The Scottish government originally outlined plans in 2017, saying it represented "a step change in our level of ambition" for recycling.

It was pushed back to July 2022, with the government blaming the Covid pandemic, then delayed again until August this year.

Lorna Slater previously told MSPs that a number of issues were holding up the system, including Brexit.

Drinks industry critics fear the scheme could create a trade barrier between Scotland and England, as it would require firms to charge higher prices north of the border.

Jamie Delap, who runs family-owned Scottish brewer Fyne Ales, said the deadline for businesses to sign up was the end of this month, but many details of the scheme were still unknown.

'Reckless going ahead'

He told BBC Scotland: "Either we sign up to a three-year legal agreement with unknown unquantifiable costs, or we don't sign up and face the possibility of not being able to sell in Scotland.

"Some smaller brewers might have to increase costs up to 50%, a larger producer might increase 25%, or even more.

"I can see Scottish brewers going out of business and people outside Scotland refusing to sell here."

Earlier this week, SNP MSP Fergus Ewing, former Scottish government rural affairs minister, also called for the scheme to be paused.

He told BBC Scotland's The Sunday Show: "The government's own review has said this cannot work. This means it is reckless going ahead.

"Surely the permanent secretary and others in St Andrews house should get out of those offices, go and speak to industry and sort it out before this disaster becomes a catastrophe."

Lorna Slater said she had met with industry leaders about their concerns

In December the Scottish government review of the scheme found many issues were "yet to be resolved" and said a "fully functioning scheme can not be in operation by August".

Mr Ewing has called for an independent review and a summit between Lorna Slater, the first minister, business leaders and the scheme's administrators.

But Ms Slater insisted the August launch date would stand and said she had been spoken to industry leaders about their concerns.

She told BBC Scotland: "I know there are still some outstanding concerns, particularly from small producers.

"I met with them urgently on Friday to go through those concerns, and start working on practical solutions so that all businesses in Scotland can fully participate in the scheme this August.

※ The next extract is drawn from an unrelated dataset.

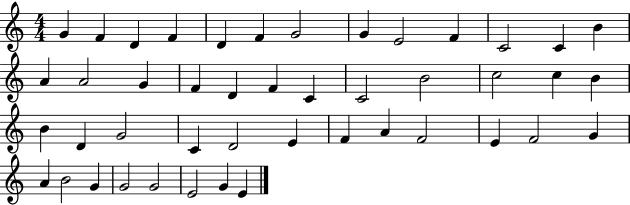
G4/q F4/q D4/q F4/q D4/q F4/q G4/h G4/q E4/h F4/q C4/h C4/q B4/q A4/q A4/h G4/q F4/q D4/q F4/q C4/q C4/h B4/h C5/h C5/q B4/q B4/q D4/q G4/h C4/q D4/h E4/q F4/q A4/q F4/h E4/q F4/h G4/q A4/q B4/h G4/q G4/h G4/h E4/h G4/q E4/q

"We have already given industry one additional year to help them recover from Covid and get ready for the scheme and we have been working very closely with them to reduce costs and make it simpler to participate."

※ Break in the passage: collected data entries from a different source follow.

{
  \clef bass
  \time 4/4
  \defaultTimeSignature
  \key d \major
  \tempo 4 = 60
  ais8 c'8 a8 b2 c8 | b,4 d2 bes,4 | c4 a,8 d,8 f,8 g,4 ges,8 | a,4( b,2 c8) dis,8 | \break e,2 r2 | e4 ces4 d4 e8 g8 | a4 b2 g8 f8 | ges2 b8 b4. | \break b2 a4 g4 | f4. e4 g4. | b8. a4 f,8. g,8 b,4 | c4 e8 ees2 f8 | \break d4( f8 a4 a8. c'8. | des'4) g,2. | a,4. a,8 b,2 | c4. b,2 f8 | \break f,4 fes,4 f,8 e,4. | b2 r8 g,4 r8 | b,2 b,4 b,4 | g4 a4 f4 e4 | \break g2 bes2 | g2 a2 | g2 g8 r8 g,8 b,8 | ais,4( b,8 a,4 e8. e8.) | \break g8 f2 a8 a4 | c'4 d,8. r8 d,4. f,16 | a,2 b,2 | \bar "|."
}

The Scottish Liberal Democrats have also warned against the scheme's current timescale.

Climate emergency spokesperson Liam McArthur MSP said: "We have repeatedly urged the Scottish government to listen and learn from successful schemes elsewhere in Europe, but key questions remain unanswered.

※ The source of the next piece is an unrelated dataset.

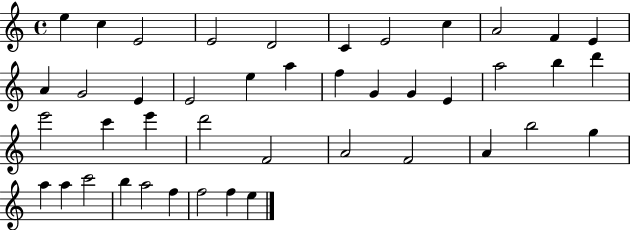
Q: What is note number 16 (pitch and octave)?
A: E5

"It is time ministers hit pause to avoid playing havoc with business, harming public confidence and undermining the well-intentioned case for the Deposit Return Scheme itself."

Scottish Conservative MSP Maurice Golden added: "This deadline is absurd, unfair and insane.

"Nicola Sturgeon must step and ditch this deadline, while her government listens properly to the dire warnings of traders."

Scottish Labour net zero spokesperson Colin Smyth said: "Scottish Labour supports the principle of such a scheme but the current proposals are so flawed they look set to devastate business while also failing to deliver against the original ambition."

The scheme is being run by Circularity Scotland, Zero waste Scotland helped design it and advised on its implementation, while environment agency Sepa is the scheme's regulator.